The proportion of complaints about poor service successfully resolved in-house by law firms without reference to the Legal Ombudsman has topped 80% for the first time, it has emerged.
New figures  from the Solicitors Regulation Authority (SRA) show that medium-sized law firms are attracting the most first-tier complaints (FTCs) in proportion to their turnover, the largest firms the fewest.
The total number of FTCs received by firms fell slightly in 2018 to just over 28,100, from over 28,500 the previous year.
However, the total number of FTCs resolved by law firms increased to over 22,800 in 2018 compared to around 19,000 in 2012 – the year when figures were first collected.
The proportion of complaints resolved in-house grew to 81% last year, up from 78% in 2017 and 72% in 2012. The second tier is unresolved complaints escalated to the ombudsman.
Small law firms, which account for only 3% of the total turnover of all firms, received 6% of the FTCs. Large firms, which account for 29% of turnover, received 49%.
Medium-sized firms came off worst, accounting for 13% of turnover, but 29% of complaints.

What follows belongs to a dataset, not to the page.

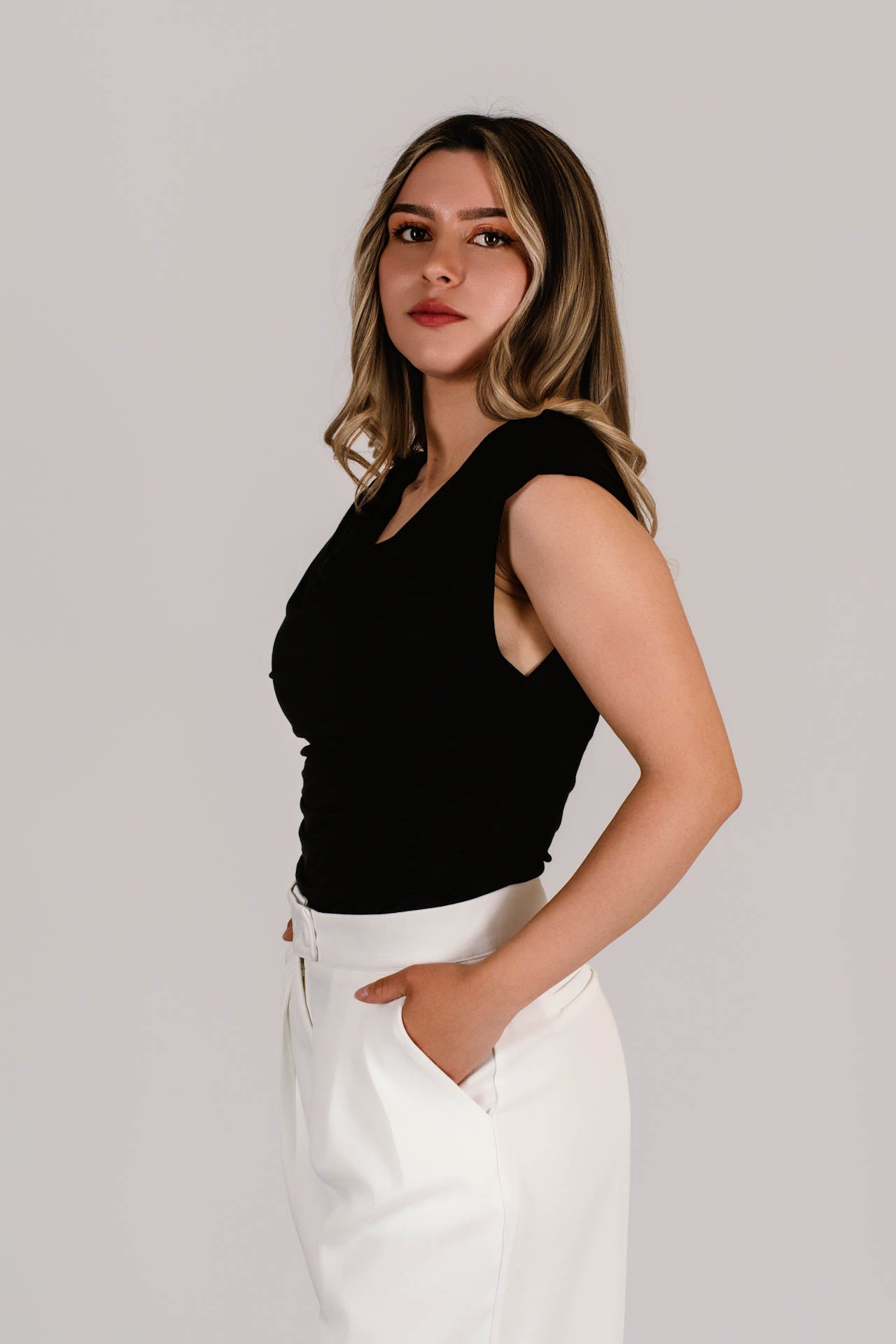 Top Viscosa Off shoulder Negro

Very large firms performed best – with 54% of turnover and only 14% of FTCs.
The SRA said these disparities were likely due to very large firms generating most of their turnover from large corporate clients “who would not use the same FTC process as individual clients, as they have other routes to redress if there is poor service”.
The most commonly resolved complaints were delay, failure to advise and excessive cost, followed by failure to keep informed, failure to progress and conduct.
The other significant categories were failure to follow instructions and deficient costs information.
Alongside a report containing the latest figures on FTCs, the SRA published a risk paper on standards of service , using data from previous research it and others has carried out – such as the Legal Services Consumer Panel’s annual tracker survey, which found last year that 88% of people were satisfied with the service they receive from solicitors and 65% said they felt solicitors offered good value for money.
The paper said: “Our new Standards and Regulations introduce two codes of conduct, for solicitors and firms, in November 2019.
“The codes have a greater focus on professional and ethical standards, rather than on compliance with prescriptive rules. This will also help people understand the standards they can expect from solicitors.”
It added that, in November, the online display of the ‘SRA regulated’ clickable logo would become mandatory for firms.
“Around a quarter of firms already use it on a voluntary basis. This study shows that people place more confidence in a firm that uses the logo, which will help them to see what protections are in place.”
Paul Philip, chief executive of the SRA, said: “People expect businesses to provide them with high levels of customer service on a day-to-day basis.
“The public don’t just want positive legal outcomes, they want to be treated fairly and kept well informed at all stages of dealing with a law firm.
“Nowhere is this more important than when handling with complaints. By being open and constructive, firms cannot only resolve issues quickly, but enhance their relationship with their client.”